Council bets on pension returns double what it actually achieved while shutting workers out

Teachers, social workers and former council staff excluded as £3.2bn fund assumes 5.1% growth despite 3% reality.
Wandsworth Town Hall

Every teacher in Putney’s schools, every social worker helping vulnerable families, every librarian, refuse collector and council employee is paying into a pension fund that’s about to bet their retirement security on assumptions the numbers say don’t add up.

Wandsworth Council is asking local employers to approve projections that the £3.2 billion pension fund will achieve 5.1% annual investment returns over the next three years. But last year the fund returned just 3.1%, falling more than two percentage points below even its own benchmark. The council is projecting nearly double the returns it actually achieved.

The stakes could hardly be higher. A shift of just half a percentage point in these assumptions would change employer contributions by hundreds of millions of pounds, potentially affecting school budgets across Putney and Wandsworth for years to come.

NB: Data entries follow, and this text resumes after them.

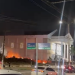 Vídeo: Fogo em vegetação quase atinge Igreja Universal na Constantino Nery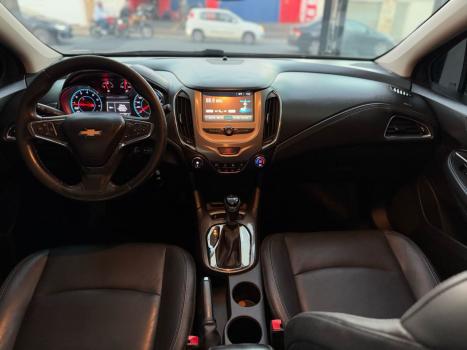 CHEVROLET Cruze Hatch 1.4 16V 4P LT SPORT6 TURBO FLEX AUTOMTICO, Foto 6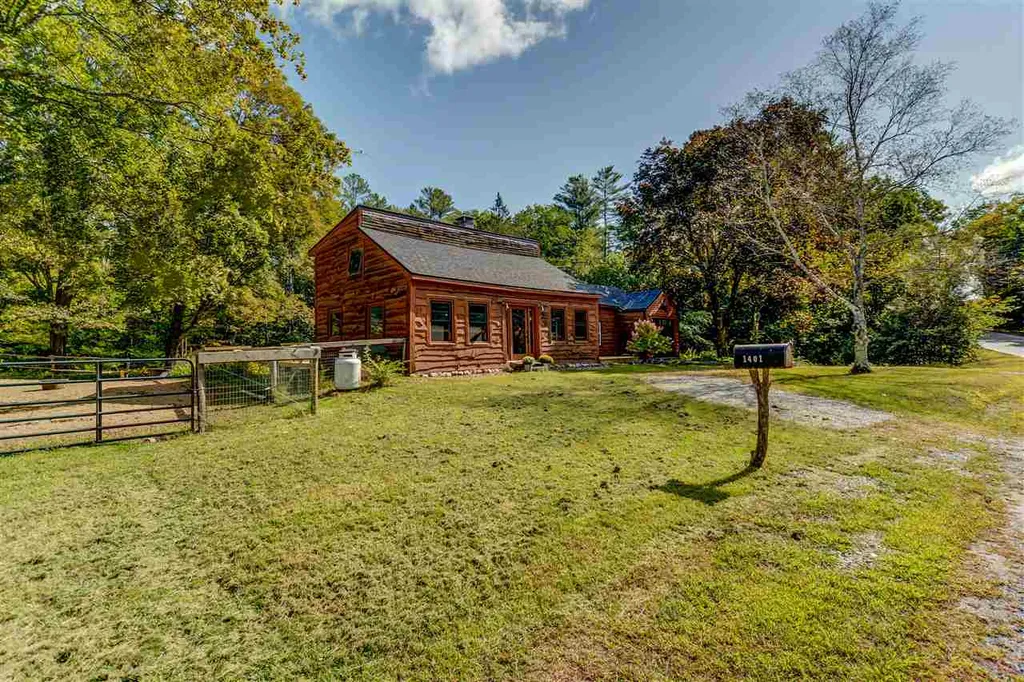 1401 Quincy Road Rumney NH 03266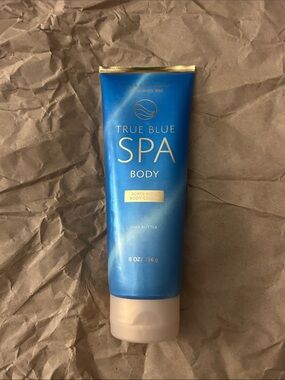 Bath & body Works true blue spa brand new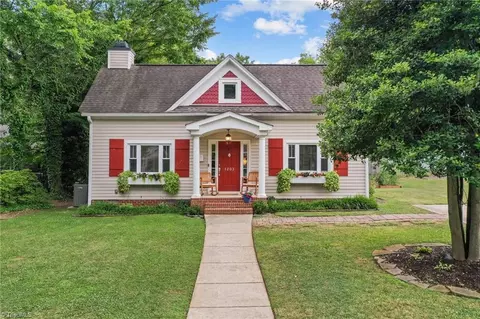 1203 Northwood St, Greensboro, NC 27408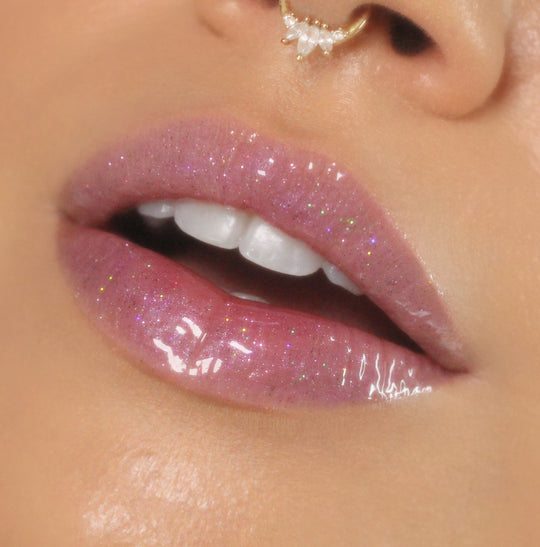 Purple Hill Glis Gloss - Lipgloss - Glisten Cosmetics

Yet the 42,000 council workers and former employees whose retirement money is at risk have been explicitly excluded from any say in whether these projections are realistic. The consultation is with employers only.

The Local Pension Board, which includes worker representatives, will review the assumptions on Monday morning. But they’re being asked to scrutinise a 58-page technical document [pdf] in just seven working days before the consultation begins, with no power to stop it even if they spot problems.

When the numbers tell a different story

The draft Funding Strategy Statement, published [pdf] on 21 October, shows a council becoming more optimistic as its performance has declined. Three years ago the fund assumed it would achieve 4.4% annual returns. Despite falling short of that target in every year since, the new assumption is 5.1%, higher than before.

Last year tells the starkest story. The fund returned 3.08% while its benchmark was 5.28%, meaning it underperformed by 2.2 percentage points. Over the past three years the pattern has been consistent: the fund achieved 4.4% returns while its benchmark was 6.1%, an underperformance of 1.7 percentage points every year.

Now the council is asking employers including dozens of Putney schools and academies to bet their budgets on the assumption that this underperforming fund will suddenly achieve 5.1% annually for the next three years.

Why this matters for Putney

When pension assumptions prove too optimistic, someone has to make up the shortfall. That someone is usually local schools, academies and the councils themselves through increased contribution rates. Richmond and Wandsworth councils together provided 72% of all regular employer contributions last year. As the administering authority, Wandsworth is the ultimate backstop if things go wrong.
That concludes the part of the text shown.